AS03: The entrepreneurs and dot-commers
Is the new economy less about 'new' and more about 'economy' these days?
Tony Hallett wonders whether the current climate in high-tech places more emphasis on established businesses and managers…
It has traditionally been easy to look at silicon.com Agenda Setters polls and see who the rising stars are and for the last few years that group has to a great extent been entwined with those launching internet start-ups or taking them on to the next level. Not so this time - albeit with a couple of exceptions.
We've made the decision to exclude Steve Jobs (at 1) and Bill Gates (2) as entrepreneurs. They have clearly been entrepreneurial during their careers and are likely to be again but right now the feeling is that they're doing good jobs at running their businesses. Michael Dell (12) is also doing that but from meeting the man at the start of the year and knowing the strategy we'd say he's still breaking new ground, still fostering something of a start-up mentality. So he is an entrepreneur - we say so.

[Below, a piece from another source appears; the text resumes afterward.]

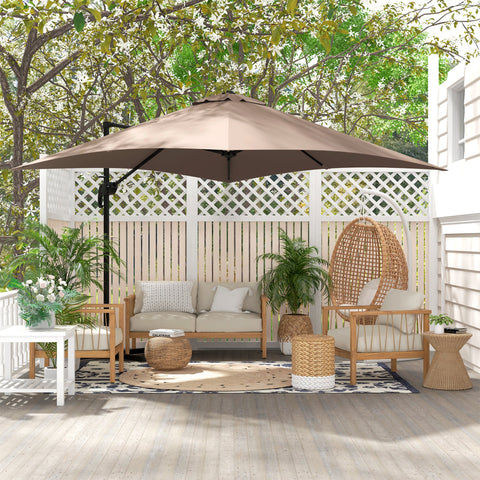 Rootz Cantilever Sunshader - Outdoor Parasols - Rotatable 360° Sun Shade - Durable Aluminum - 2.95l x 2.95b x 2.66h m Brown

Glad to get that out the way - and it leaves us, most notably, with three leaders of companies with something very important in common: any one of them could prove to be the big IPO of 2004.
Google has been a huge success and this time the Google-related vote was split between CTO cum co-founder Sergey Brin, last year's 8 down now to 24, and Eric Schmidt, the search engine's CEO. Schmidt, a tech industry veteran famously with spells at Novell and Sun under his belt, is important now because of the flotation factor.
"Google will IPO next year and everyone will watch that because it will be a benchmark of what happens in that industry," said panellist and VC Ajay Chowdhury.
James Bennet, founder of the European Technology Forum tempered that view slightly, saying: "Schmidt is a pedigree manager, though he didn't manage to sort out Novell."
At 38 is another of Bennet's favourites, salesforce.com CEO Marc Benioff. He, too, leads a company with a chance to be the IPO bell-wether, and then there's David Levin (17), admittedly less of an entrepreneur, at Symbian. Ditto their flotation prospects.
But meandering to the world of internet-based companies, we can see two UK-based newcomers with the X factor - hear what they're doing and it seems obvious they'll be a success. Steve Linford, at number 19, is a net hero because of his timely anti-spam crusade at SpamHaus. Richard Allan MP and panellist said: "Steve is a normal, very unassuming guy but he is really hitting the crunch legal point, finding out in real time who the spammers are."
Meanwhile, Stephen Hill at 41 runs Betfair.com, whose new business model for online gambling has traditional bookies running scared.
They are proof that there is still much room for innovation in the new new economy. There are those from the old new economy who still make an appearance, though the absence of Meg Whitman, eBay CEO (at 34 and 16 the last two years), is a mystery.
However, rival and CEO at Amazon, Jeff Bezos, makes it four years in a row - and not many other individuals can say that - at 32 and Terry Semel, CEO at a resurgent Yahoo!, is all the way up at 23. Wasn't this ex-Hollywood exec just supposed to be teeing up a trade sale or presiding over a gradual decline?
And if we're talking about entrepreneurs Google and Yahoo! then we have to mention Mike Moritz, the only VC on the list (sneaking in at 50) and partner at Silicon Valley's Sequoia Capital, who backed both companies as start-ups.
In all honesty, it's clear that being entrepreneurial is about a lot more than doing a start-up. Just ask Dell or Moritz. Or even Jobs and Gates.